WHAT THE TASK ASKS >> Your answer should be the lines below from the one with "cake at Free Birds Vegan Bakery in Decatur" to the one with "Get Fit Dont Quit Graphic Tee", both included, given again exactly and with nothing added.

DATA FOR PROCESSING >>
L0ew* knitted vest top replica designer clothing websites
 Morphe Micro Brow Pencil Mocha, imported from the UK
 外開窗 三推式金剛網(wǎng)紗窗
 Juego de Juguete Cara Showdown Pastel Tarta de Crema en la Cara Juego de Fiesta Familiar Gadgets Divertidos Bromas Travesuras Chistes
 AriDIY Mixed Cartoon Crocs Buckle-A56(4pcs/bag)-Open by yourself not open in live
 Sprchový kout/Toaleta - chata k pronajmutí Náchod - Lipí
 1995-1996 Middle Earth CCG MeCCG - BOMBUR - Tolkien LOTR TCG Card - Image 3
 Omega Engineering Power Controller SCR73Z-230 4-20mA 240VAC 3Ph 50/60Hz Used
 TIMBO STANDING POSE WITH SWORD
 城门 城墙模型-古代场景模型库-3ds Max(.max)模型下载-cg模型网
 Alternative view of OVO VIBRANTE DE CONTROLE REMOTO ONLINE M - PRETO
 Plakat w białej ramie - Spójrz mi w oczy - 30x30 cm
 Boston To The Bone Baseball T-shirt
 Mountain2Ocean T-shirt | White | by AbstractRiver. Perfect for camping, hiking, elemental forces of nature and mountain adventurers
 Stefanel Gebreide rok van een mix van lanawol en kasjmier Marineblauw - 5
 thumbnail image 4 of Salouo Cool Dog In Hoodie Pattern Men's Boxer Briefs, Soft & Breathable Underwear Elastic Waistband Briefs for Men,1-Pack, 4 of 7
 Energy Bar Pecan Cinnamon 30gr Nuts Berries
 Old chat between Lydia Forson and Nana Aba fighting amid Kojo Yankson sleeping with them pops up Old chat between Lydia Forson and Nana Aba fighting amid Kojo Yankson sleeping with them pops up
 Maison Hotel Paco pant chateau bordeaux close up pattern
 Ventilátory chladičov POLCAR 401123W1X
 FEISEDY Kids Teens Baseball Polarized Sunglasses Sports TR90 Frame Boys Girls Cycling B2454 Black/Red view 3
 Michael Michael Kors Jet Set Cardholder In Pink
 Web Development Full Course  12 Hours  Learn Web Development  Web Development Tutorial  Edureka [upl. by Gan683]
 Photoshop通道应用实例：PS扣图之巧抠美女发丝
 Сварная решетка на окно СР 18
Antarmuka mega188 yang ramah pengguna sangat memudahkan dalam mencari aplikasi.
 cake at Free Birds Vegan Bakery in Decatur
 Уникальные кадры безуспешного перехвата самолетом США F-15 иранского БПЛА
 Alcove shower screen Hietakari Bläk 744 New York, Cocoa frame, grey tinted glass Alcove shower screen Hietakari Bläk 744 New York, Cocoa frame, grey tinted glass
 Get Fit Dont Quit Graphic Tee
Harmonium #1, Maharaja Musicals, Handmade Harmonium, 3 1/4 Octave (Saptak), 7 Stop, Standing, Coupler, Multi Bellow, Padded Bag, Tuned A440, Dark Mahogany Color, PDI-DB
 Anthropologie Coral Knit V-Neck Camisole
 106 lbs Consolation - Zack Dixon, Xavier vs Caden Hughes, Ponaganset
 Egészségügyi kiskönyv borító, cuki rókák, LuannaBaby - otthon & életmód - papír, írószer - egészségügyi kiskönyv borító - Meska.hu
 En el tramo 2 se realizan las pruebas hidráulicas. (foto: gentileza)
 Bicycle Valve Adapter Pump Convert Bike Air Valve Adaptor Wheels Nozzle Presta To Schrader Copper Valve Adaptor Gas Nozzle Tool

ANSWER TO THIS PROBLEM >>
 cake at Free Birds Vegan Bakery in Decatur
 Уникальные кадры безуспешного перехвата самолетом США F-15 иранского БПЛА
 Alcove shower screen Hietakari Bläk 744 New York, Cocoa frame, grey tinted glass Alcove shower screen Hietakari Bläk 744 New York, Cocoa frame, grey tinted glass
 Get Fit Dont Quit Graphic Tee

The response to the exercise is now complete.